This past year, I decided to put a little bit of cleverness into my costume. Ironically, this one really didn’t take me a long time to come up with.
This year for Hallowe’en I decided to dress up as the CEO of Apple, Steve Jobs. Dressing as him was actually pretty easy. All I did was bring out a black sweater with a turtleneck-ish neck line, wear sneakers and blue jeans, grow out my beard a bit, wear glasses (already done) and make up a sign to wear around my neck to make it easy for people to see who I was:
Compare to the real one:
To make it clear to people who I was, I had to add a sign around my neck. Steve Jobs has come out recently speaking against Google Android (competing with the iPhone) saying that the iPhone is superior because it is a closed platform. Quite frankly, given that Android phones are selling like hot cakes and could potentially cut in to iPhone sales, it comes as no surprise that Jobs would make this claim.

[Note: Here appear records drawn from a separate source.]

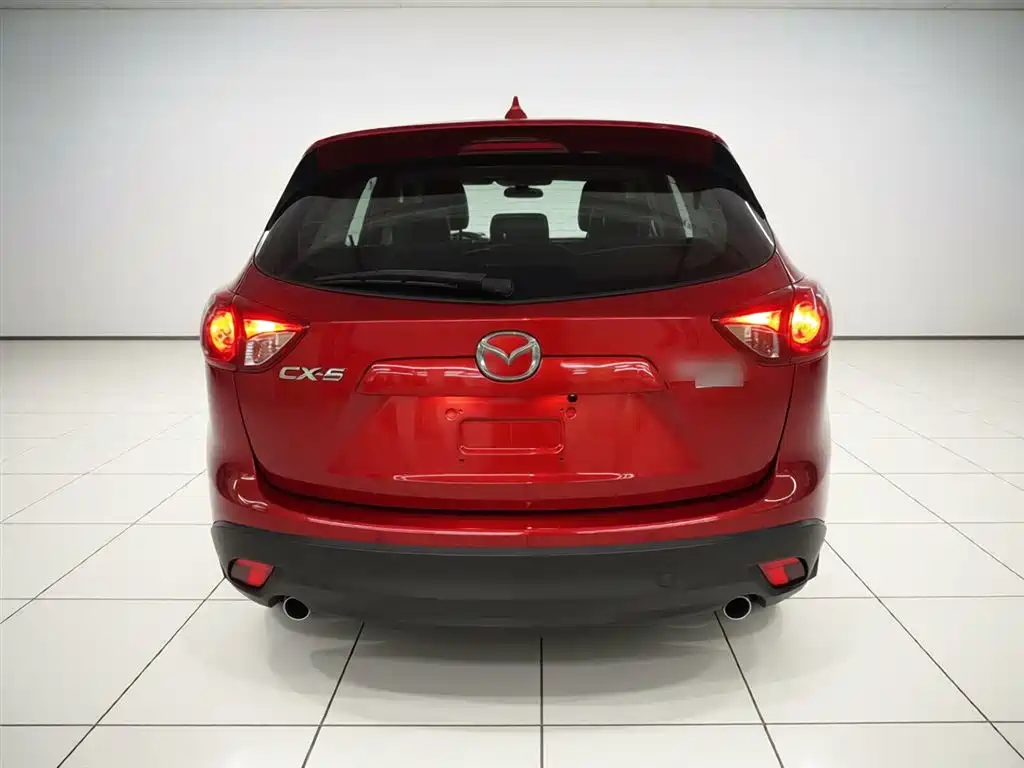 Mazda CX-5 2.0 L Auto 2 WD Urban
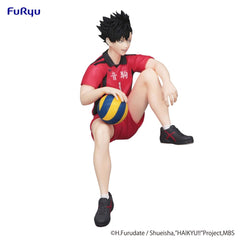 Haikyu!! Noodle Stopper PVC Statue Tetsuro Kuroo 14 cm 4582782364397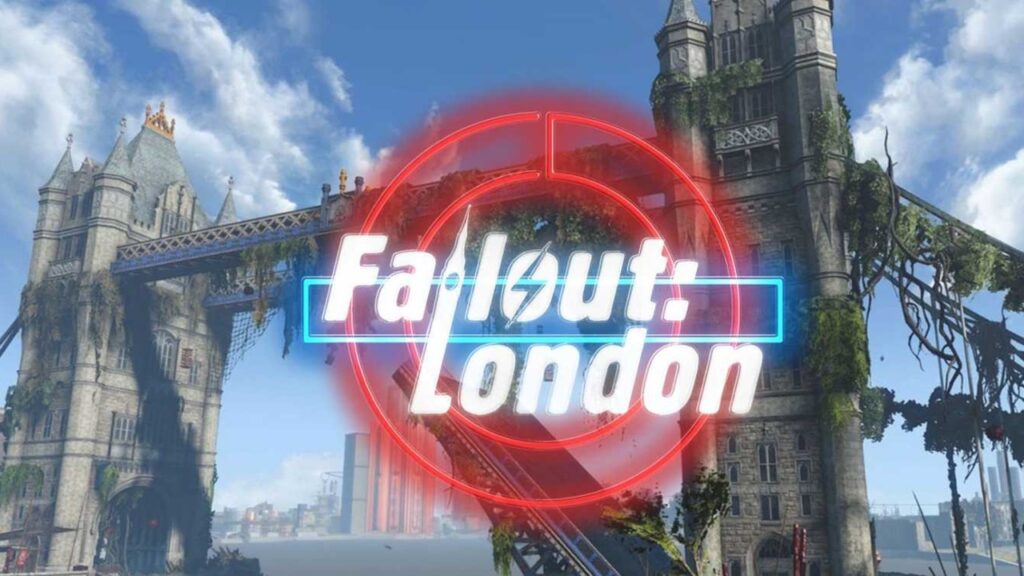 Fallout: London Modu Geliyor! 🎮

In addition, the iPad and iPhone has no Flash support, which is software from Adobe. Flash is the software that makes a lot of different web pages look really nice and pretty. The reason that Apple won’t support it (ie, render it in the Safari browser on mobile devices) is because it is buggy and prone to crashes. Apple and Jobs are pretty big on preserving a great user experience and when Flash crashes on the iPhone or iPad, people think that it is Apple’s fault. It’s not but that is the perception. To counter this, Apple alleviates this possibility by doing their own YouTube app on the iPad and iPhone and not supporting Flash. Jobs has also publically criticized Adobe Flash because of this and it has led to a bit of a war of words between the two organizations.
So, in order to make it clear about who I was supposed to be, I wore a sign around my neck indicating that I was against Flash:
If you flipped the sign around, it was clear that I was against Google Android:
This was a rather geeky costume and you had to know the inside story behind this, but the whole point of it was to be clever instead of obvious. I call it “The Thinking Man’s Costume.”